PHP Multiple Dropdown Box Form Submit To MySQL (Part 2)

Question

This is a continuation of the discussion at

http://stackoverflow.com/questions/944158/php-multiple-dropdown-box-form-submit-to-mysql

which ended with the words: "Once you have the variables, it is trivial to create new rows." No doubt that's generally true, but apparently not for this learner... :-D

Given the following form:

    <form action="form.php" method="POST">
    <select name="colors[]" multiple="yes" size="2">
    <option>Red</option>
    <option>Blue</option>
    </select>
    <input type="submit" value="Go!"> 
    </form>

how do I create new rows? The following script

foreach($_POST['colors[]'] as $color) 
    {
        $id = mysqli_real_escape_string($link, $color);
        $sql = "INSERT INTO colors SET id = '$id'";
    }

raises the error

 Warning: Invalid argument supplied for foreach() in form.php on line ...

whereas the following

    $colors = $_POST['colors[]']; 
    for ($i = 0; $i < count($colors); $i++) 
        {
            $color = $colors[$i];
            $sql = "INSERT INTO colors SET id = '$color'";
        }

raises no errors but does no row creation.

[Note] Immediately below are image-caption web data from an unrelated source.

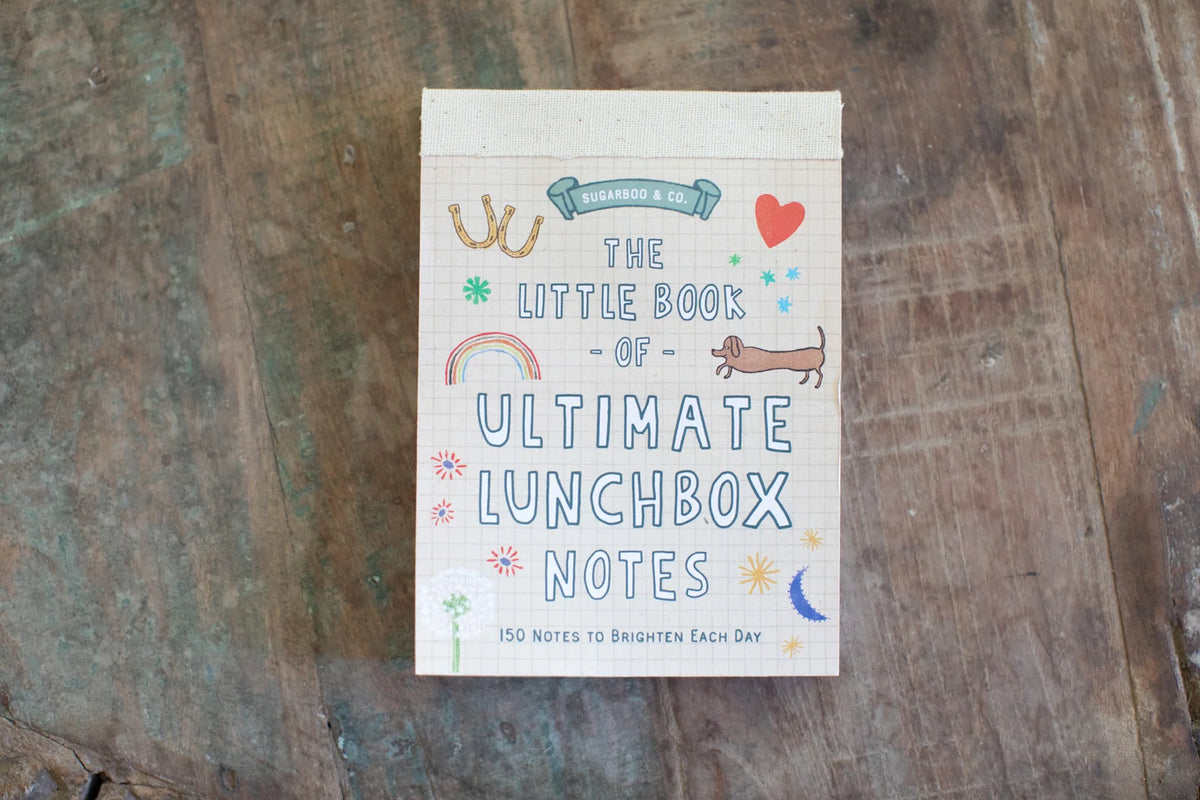 The Little Book of Ultimate Lunchbox Notes by Sugarboo & Co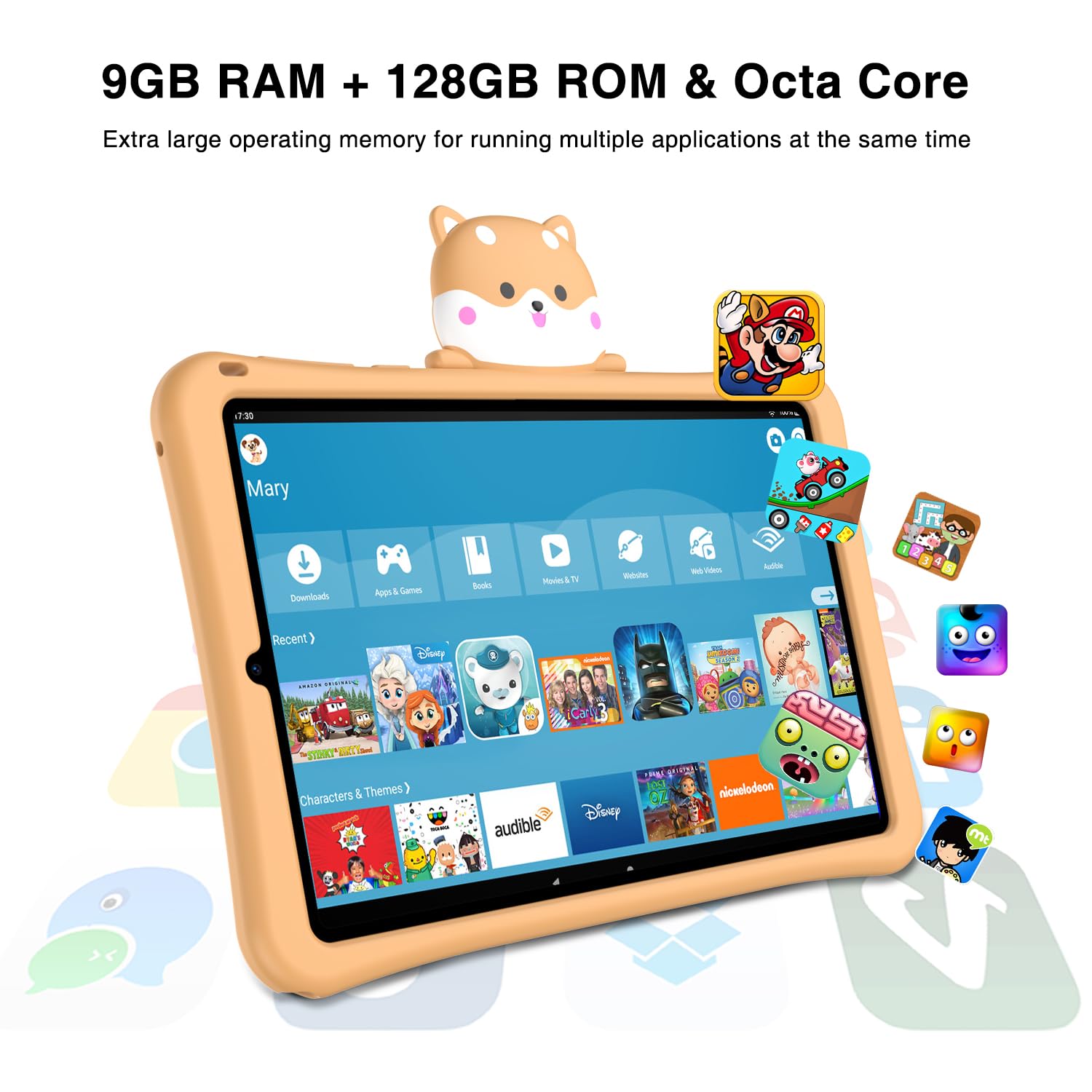 DOOGEE T20 MINIKID Tablet - 10.1 Inch Android 12 Kids Tablet with Parental Control, 4GB RAM 64GB ROM, Dual Camera - Perfect for Learning, Games & Entertainment for Children Ages 3-12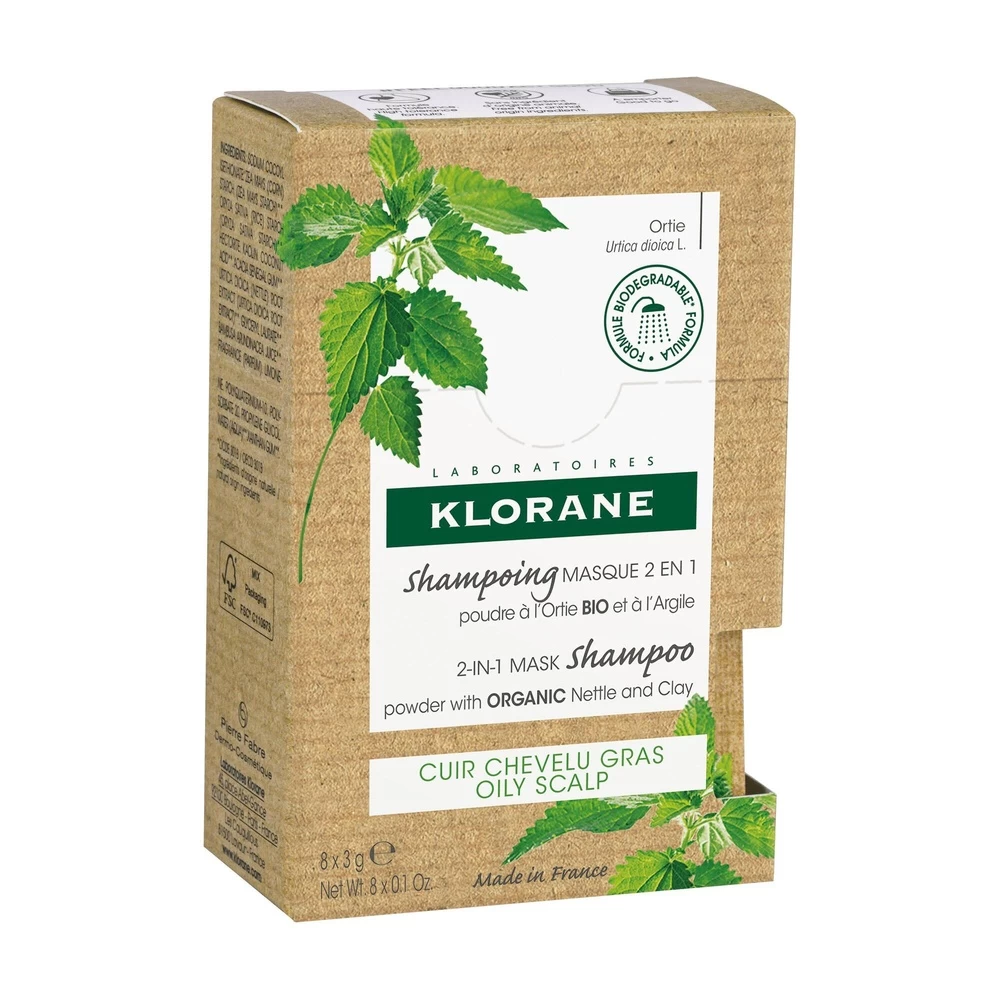 Klorane Ortie Masque Lavant 2 En 1 Poudre 8 Sach Ets 3gr 3 Klorane Ortie Masque Lavant 2 En 1 Poudre 8 Sach Ets 3gr – Image 3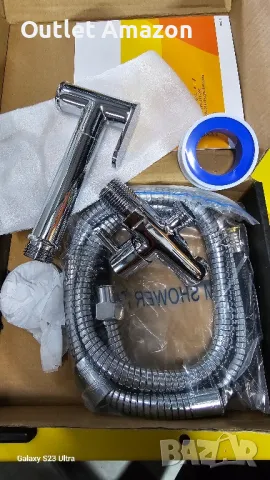 Ръчен комплект пръскачка за биде Ibergrif

, снимка 6 - Смесители - 49567156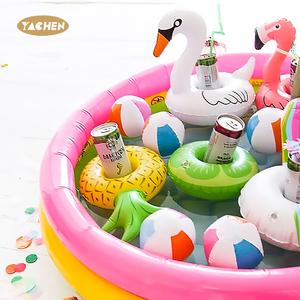 Yachen Inflatable nổi uống chủ uống phao Inflatable cup chủ cua đế lót ly cho bên hồ bơi - Product Image 6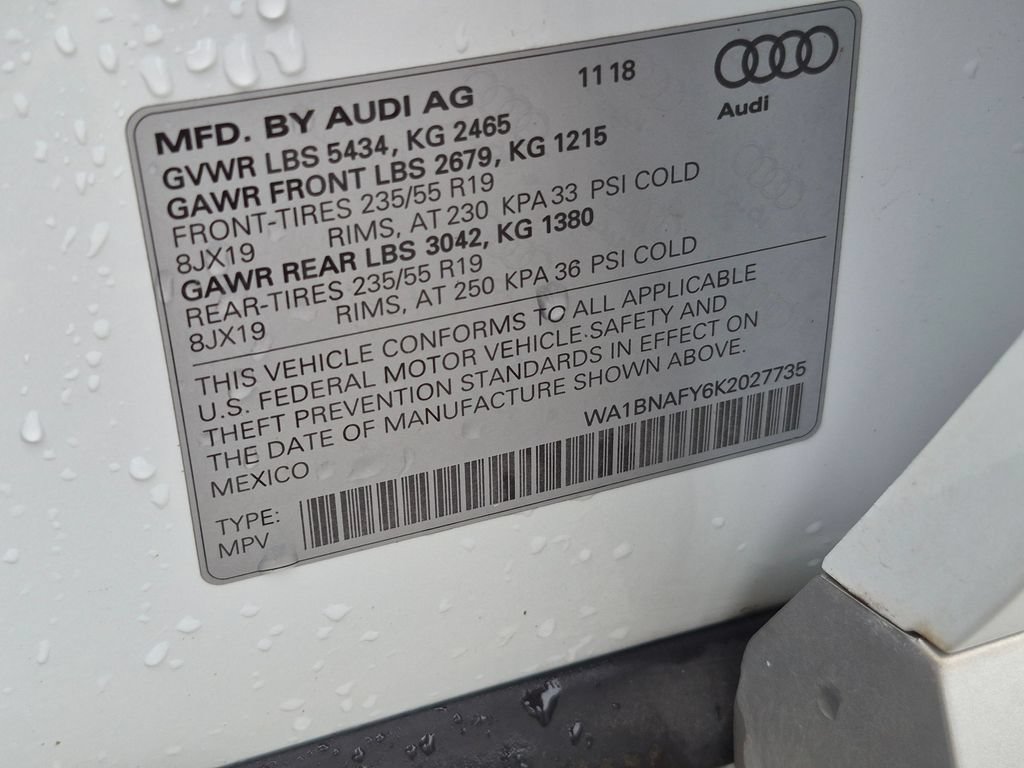 Used 2019 Audi Q5 2.0T Premium Plus w/ Premium Plus Package AWD/4WD image 24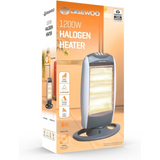 Daewoo 1200W Oscillating Halogen Heater – Instant Warmth for Bedrooms, Offices and Conservatories (HEA1416)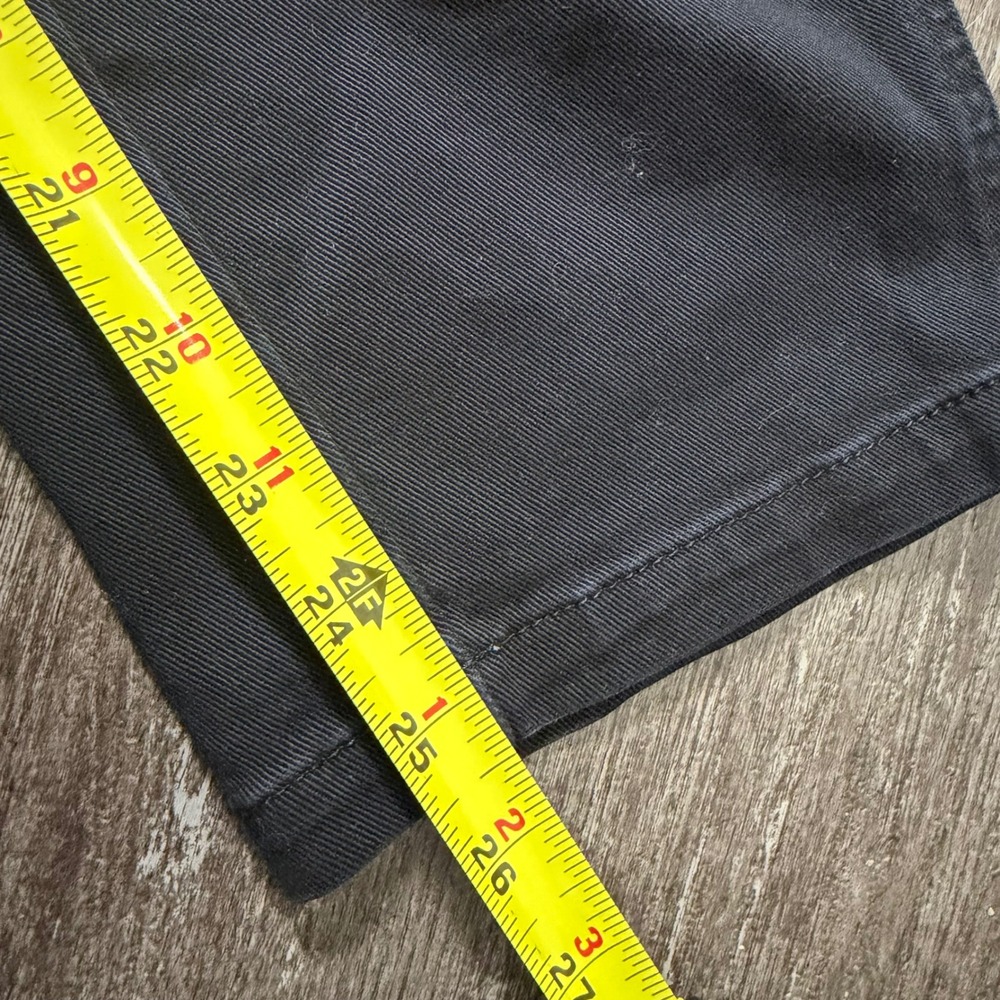 Everlane Utility Pants Women 00 Black High Rise Straight Leg Seam Detail Chino - Picture 4 of 6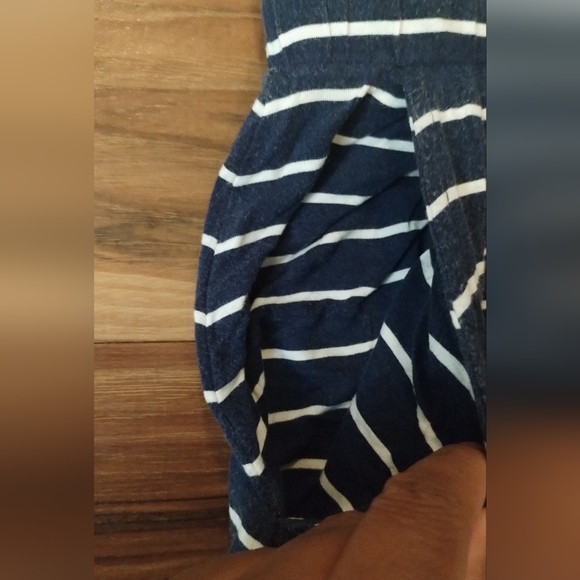 St. John's Bay Casual Striped Navy Blue & White Drawing String Pencil Skirts - Picture 5 of 9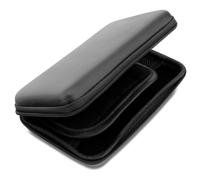 subtel Protective Case Compatible for Nintendo 3DS XL, DSi XL, New 2DS XL, New 3DS XL, Retroid Pocket 2 Plus, Analogue Pocket - Portable Travel Hardcase with Game Card Holder - Black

What triviality am I missing here?

Answer 1

Use:

foreach($_POST['colors'] as $color) 

No need to specify [] here, php knows that it is an array.

Answer 2

Inside of your foreach loop I did not see that you are executing the query. You need to execute mysql_query with your INSERT statement.

foreach($_POST['colors'] as $color) {
 $id = mysqli_real_escape_string($link, $color);
 $sql = "INSERT INTO colors SET id = '$id'";
  if (!mysql_query($sql)) {  // if the query encountered a problem.
     die('Invalid query: ' . mysql_error());
  } 
}